**Assigned task:** Please restate exactly the lines from the one holding "New 2026 GMC" to the end of the material, including both ends and excluding every picture.

**Supplied entries:**
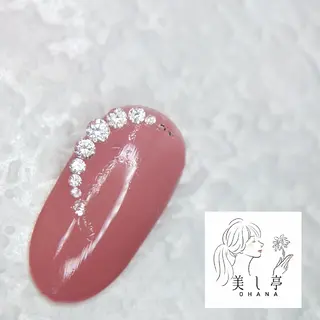 ネイル 美し亭 OHANAのネイルデザイン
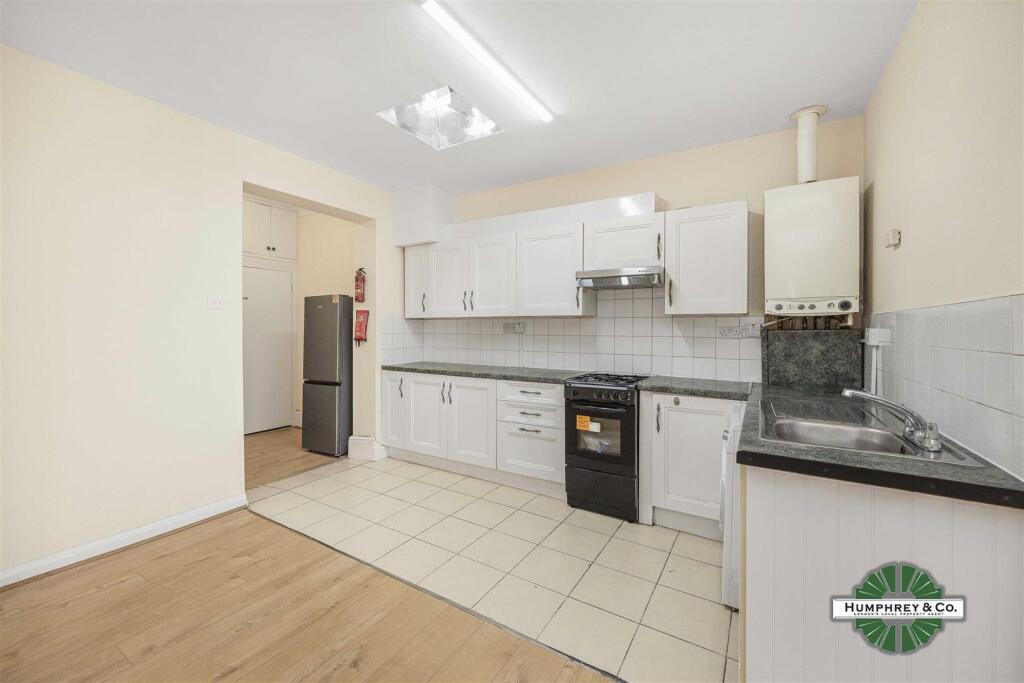 93    Grove Green Road -010.jpg
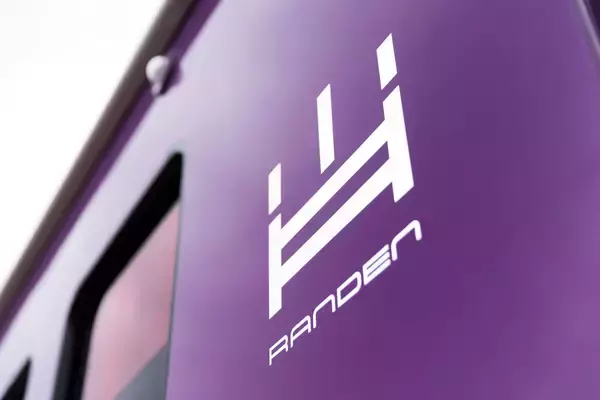 「史上初の快挙！京都の路面電車･嵐電の新型車両「KYOTRAM」がブルーリボン賞を受賞！ 伝統の京紫色とレトロモダンを融合したデザインの秘密」の画像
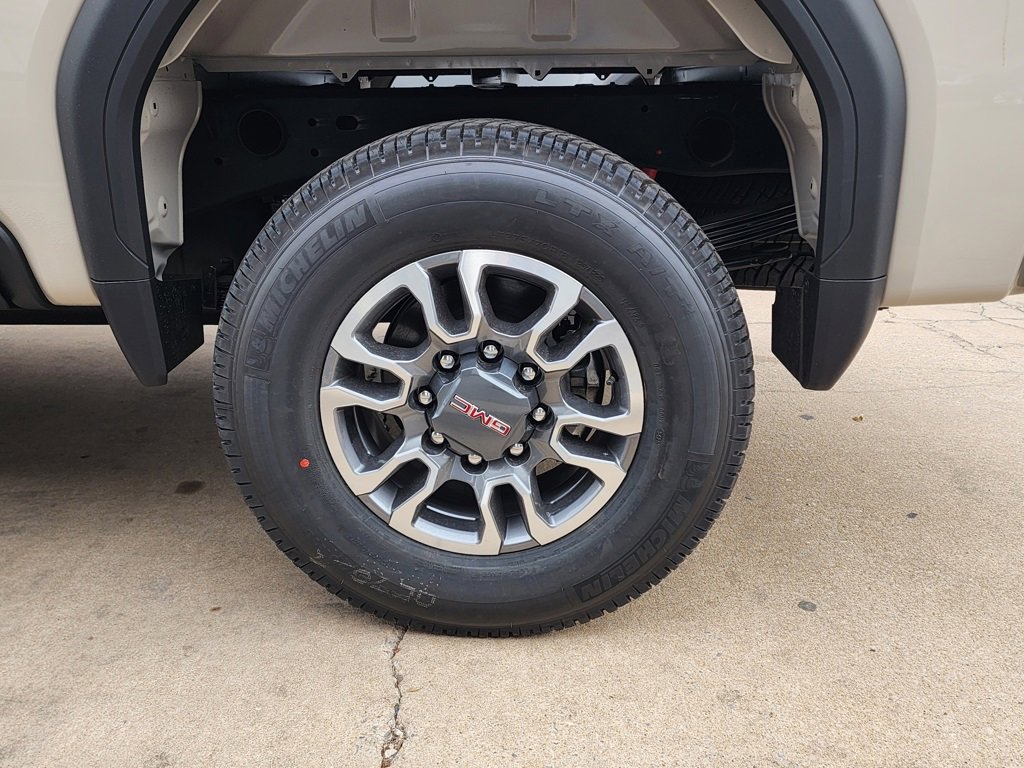 New 2026 GMC Sierra 2500 SLE w/ SLE Value Package; image 53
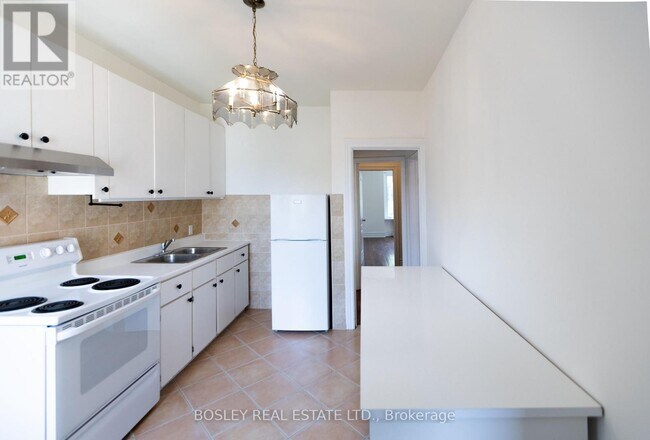 Photo - 411 Shaw St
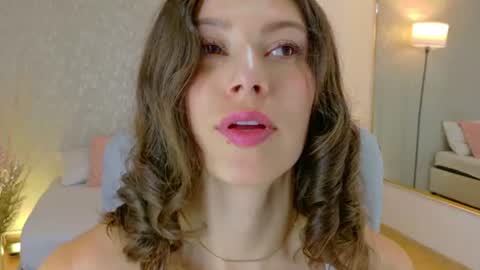 Lara  online show from 07.04.26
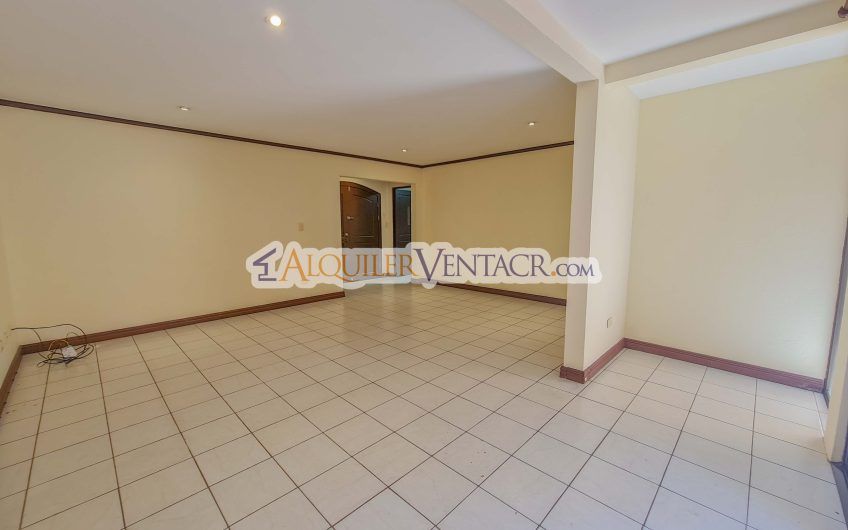 Condo de 3 habit.+ sala tv en San Antonio de Escazú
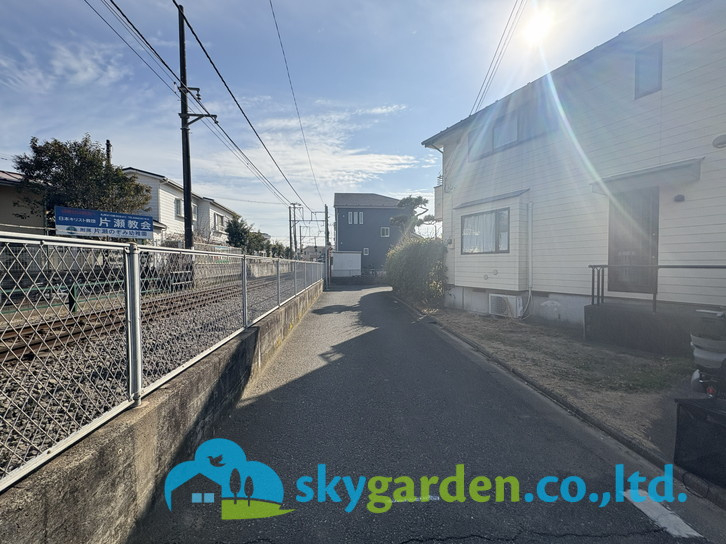 藤沢市片瀬6期　新築戸建　全2棟2号棟の前面道路含む現地写真|前面道路含む現地写真です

**Solution below:**
 New 2026 GMC Sierra 2500 SLE w/ SLE Value Package; image 53
 Photo - 411 Shaw St
 Lara  online show from 07.04.26
 Condo de 3 habit.+ sala tv en San Antonio de Escazú
 藤沢市片瀬6期　新築戸建　全2棟2号棟の前面道路含む現地写真|前面道路含む現地写真です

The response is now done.